### DIRECTIONS FOR THIS TASK
Taking the line with "Cubrecolchón Reversible Lana" as the first, copy every line through the end of the records below exactly. Do not include pictures.
(AVAILABLE DATA Opens)
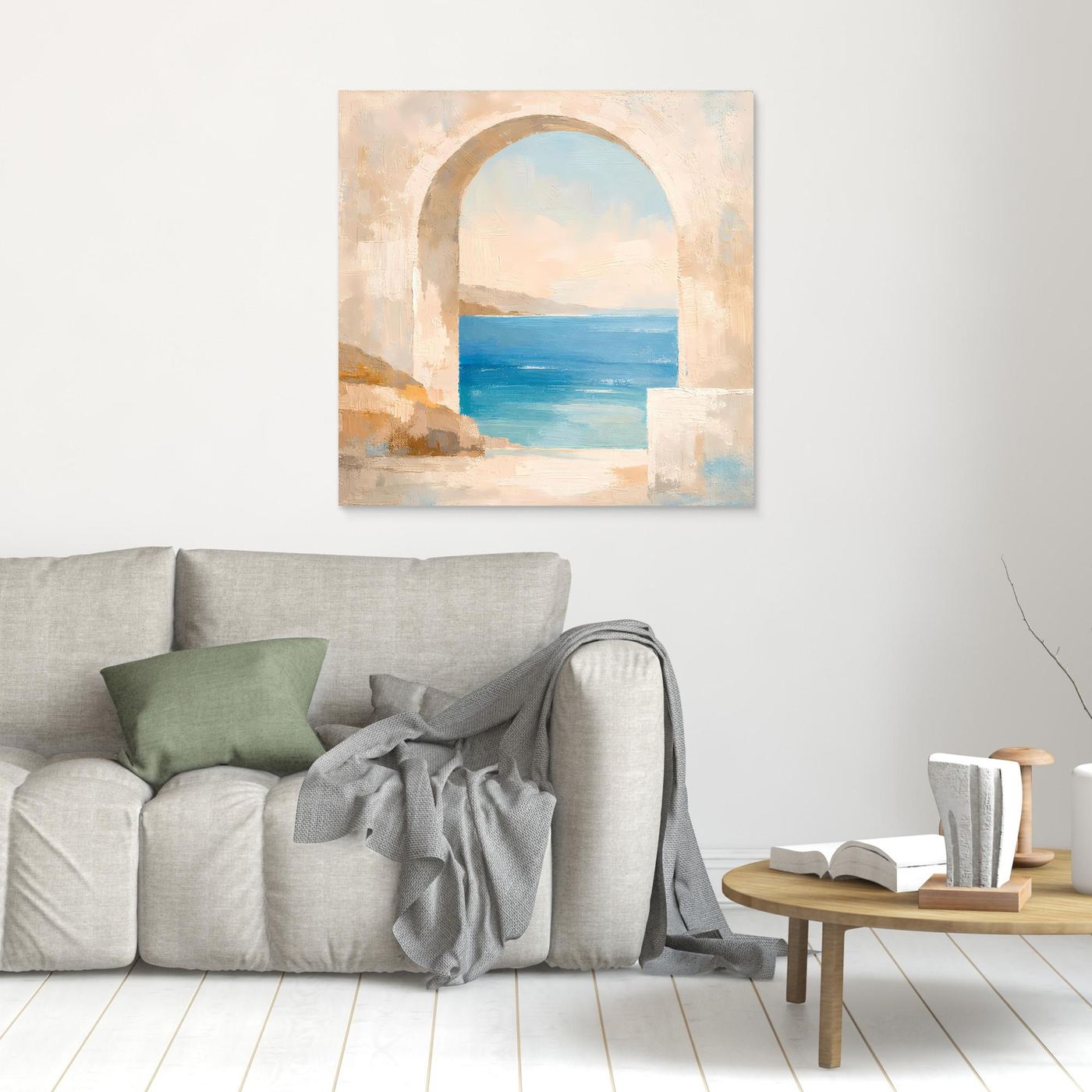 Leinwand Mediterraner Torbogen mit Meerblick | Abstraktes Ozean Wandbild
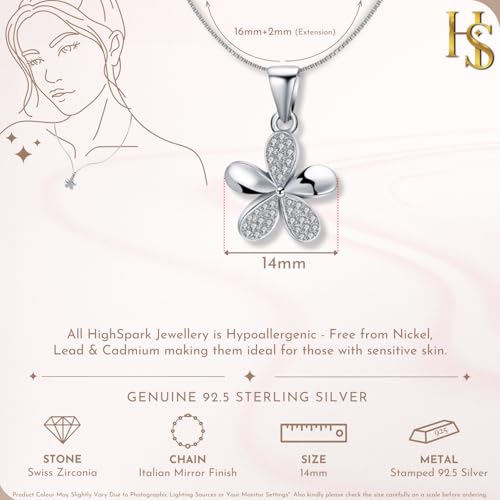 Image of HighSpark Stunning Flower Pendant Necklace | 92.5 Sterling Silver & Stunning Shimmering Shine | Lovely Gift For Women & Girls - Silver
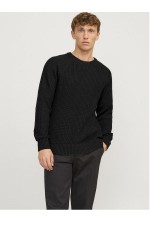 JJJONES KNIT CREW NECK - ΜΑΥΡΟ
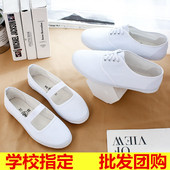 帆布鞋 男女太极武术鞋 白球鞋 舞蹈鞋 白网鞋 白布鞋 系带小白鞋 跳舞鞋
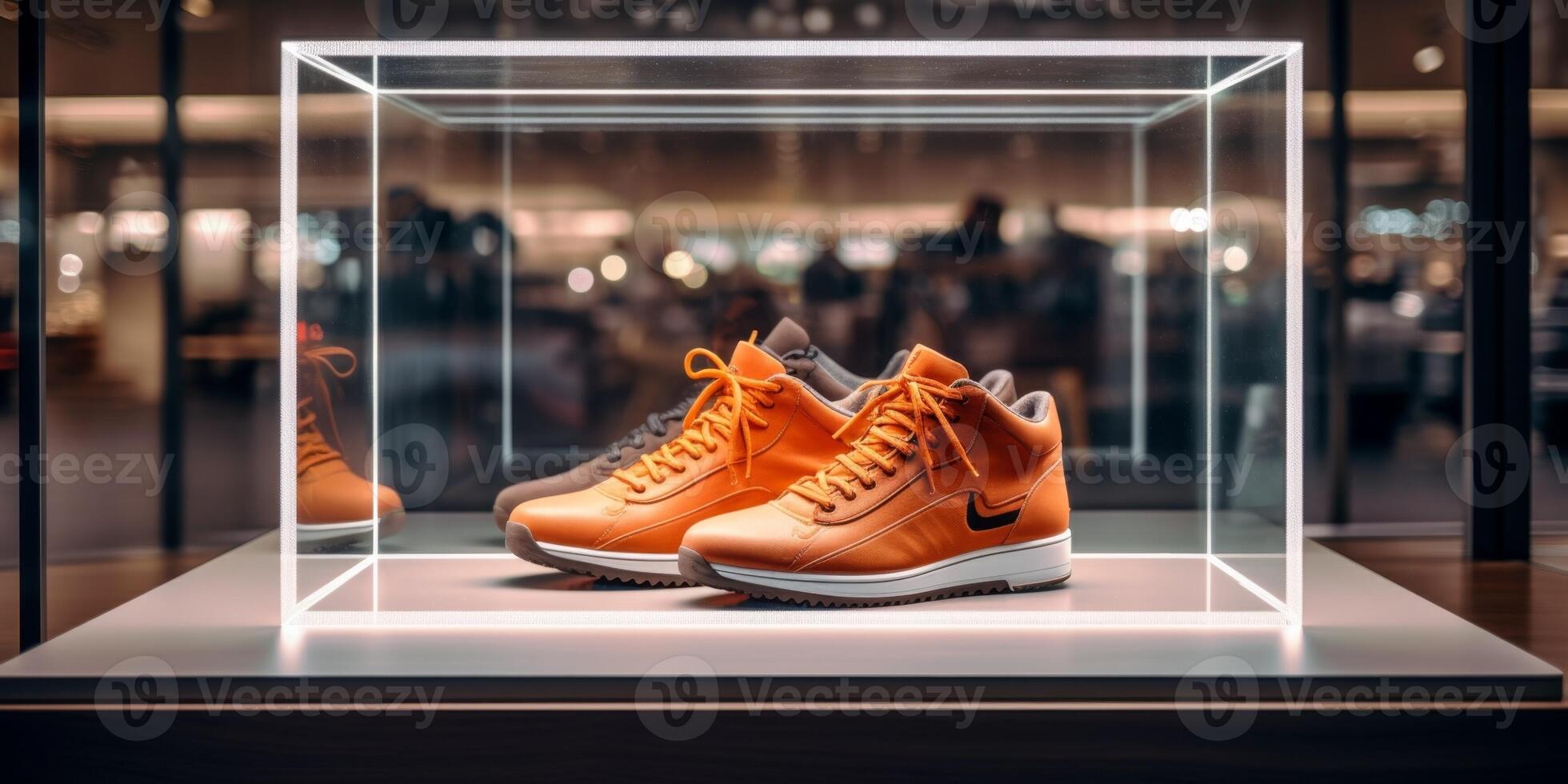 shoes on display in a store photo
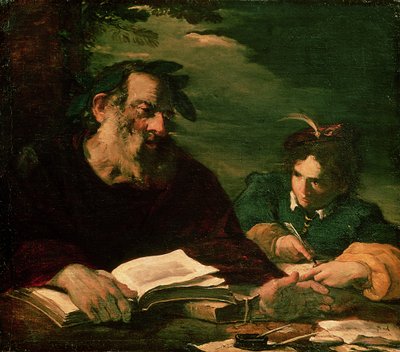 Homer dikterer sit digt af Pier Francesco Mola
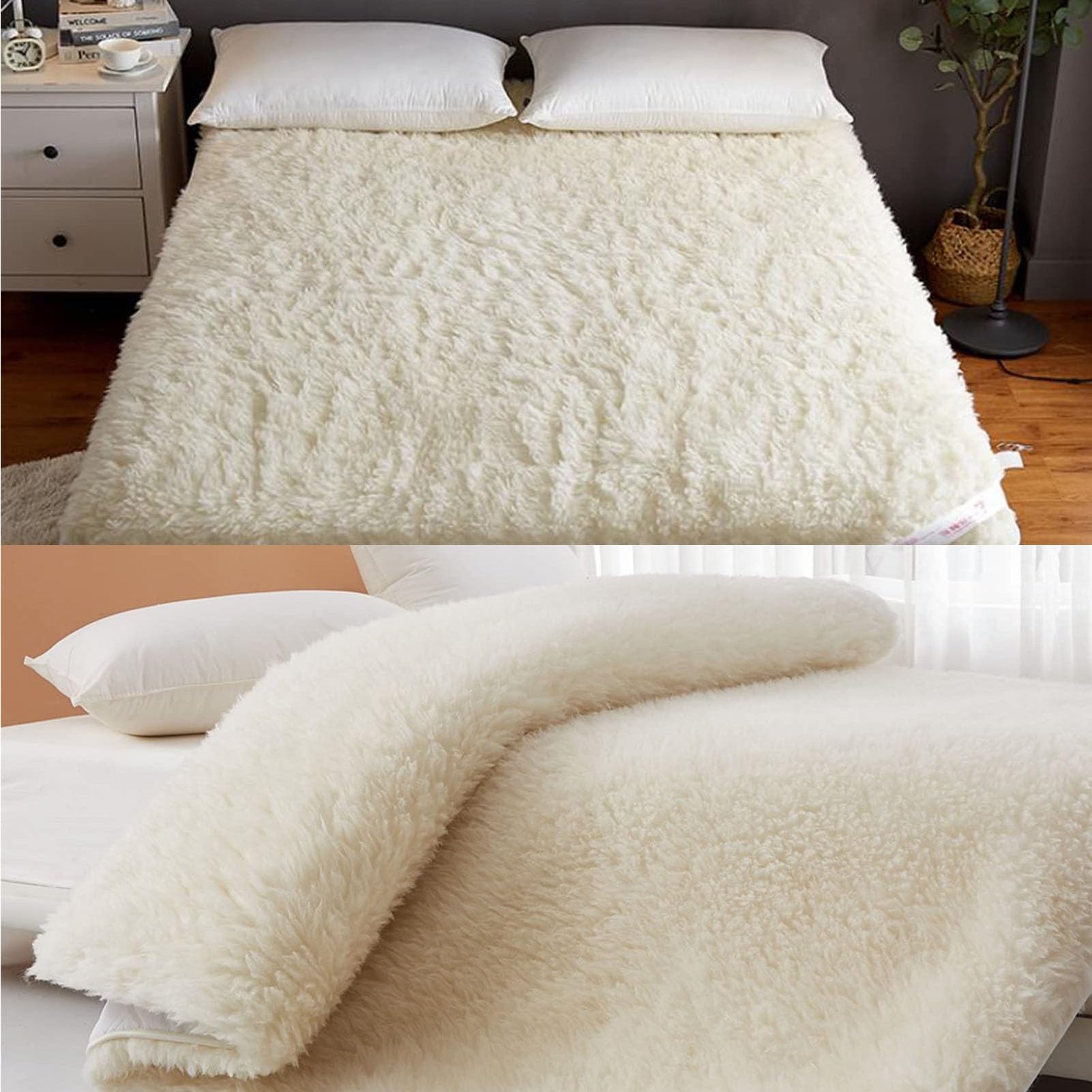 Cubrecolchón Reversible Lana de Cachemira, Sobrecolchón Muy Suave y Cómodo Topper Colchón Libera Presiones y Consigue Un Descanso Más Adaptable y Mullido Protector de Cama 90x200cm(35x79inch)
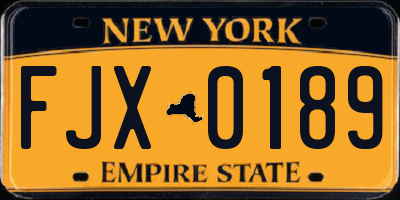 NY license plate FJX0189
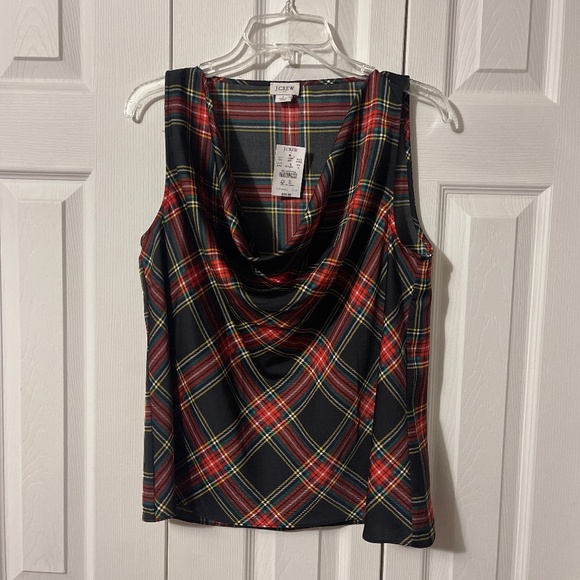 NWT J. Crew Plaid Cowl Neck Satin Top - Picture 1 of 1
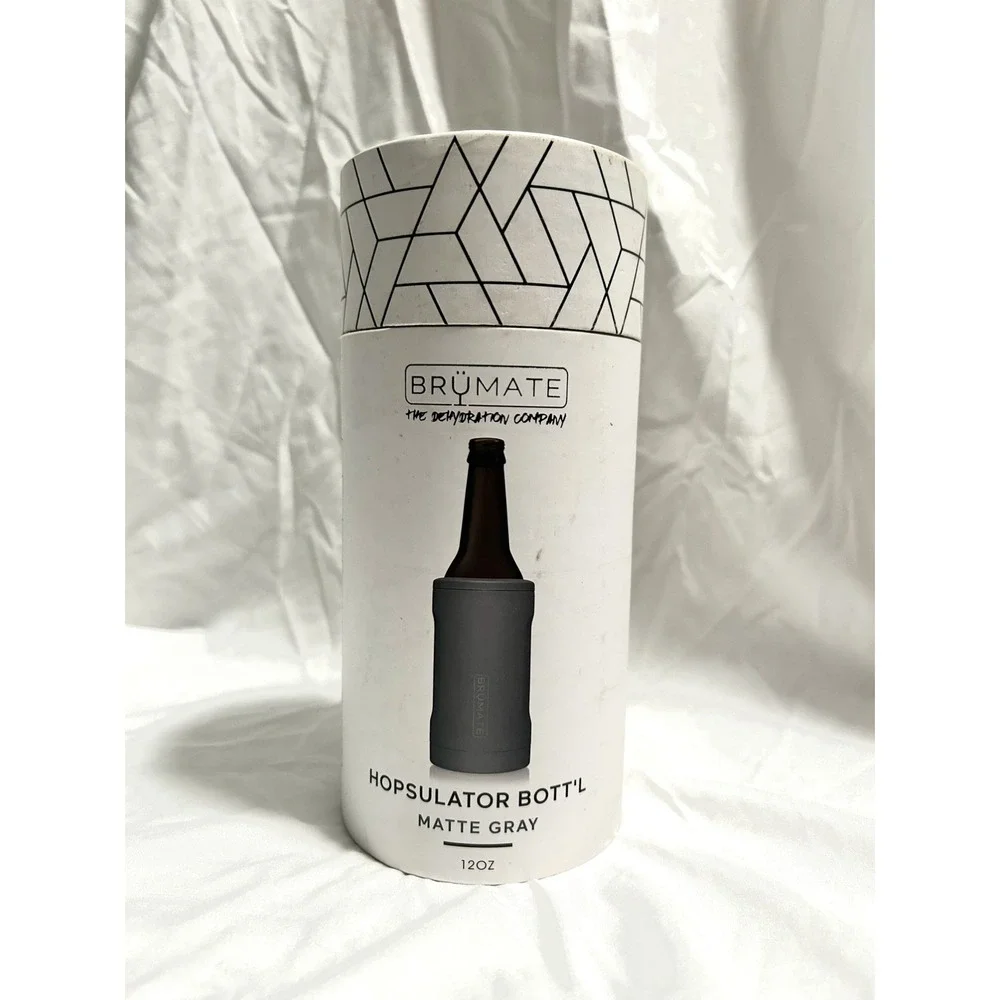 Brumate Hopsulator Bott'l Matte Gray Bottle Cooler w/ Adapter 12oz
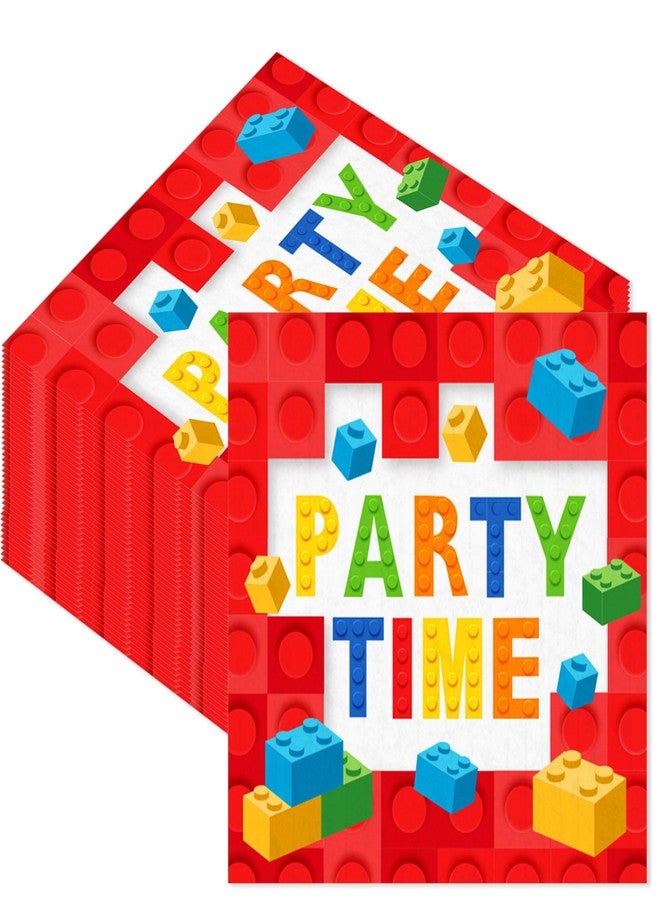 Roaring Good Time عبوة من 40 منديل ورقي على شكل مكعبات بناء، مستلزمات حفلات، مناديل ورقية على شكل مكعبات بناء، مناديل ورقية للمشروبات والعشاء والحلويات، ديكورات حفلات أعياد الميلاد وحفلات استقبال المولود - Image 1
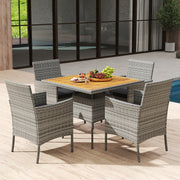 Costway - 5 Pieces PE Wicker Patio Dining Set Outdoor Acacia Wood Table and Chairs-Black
(AVAILABLE DATA Closes)
### TASK OUTPUT
 Cubrecolchón Reversible Lana de Cachemira, Sobrecolchón Muy Suave y Cómodo Topper Colchón Libera Presiones y Consigue Un Descanso Más Adaptable y Mullido Protector de Cama 90x200cm(35x79inch)
 NY license plate FJX0189
 NWT J. Crew Plaid Cowl Neck Satin Top - Picture 1 of 1
 Brumate Hopsulator Bott'l Matte Gray Bottle Cooler w/ Adapter 12oz
 Roaring Good Time عبوة من 40 منديل ورقي على شكل مكعبات بناء، مستلزمات حفلات، مناديل ورقية على شكل مكعبات بناء، مناديل ورقية للمشروبات والعشاء والحلويات، ديكورات حفلات أعياد الميلاد وحفلات استقبال المولود - Image 1
 Costway - 5 Pieces PE Wicker Patio Dining Set Outdoor Acacia Wood Table and Chairs-Black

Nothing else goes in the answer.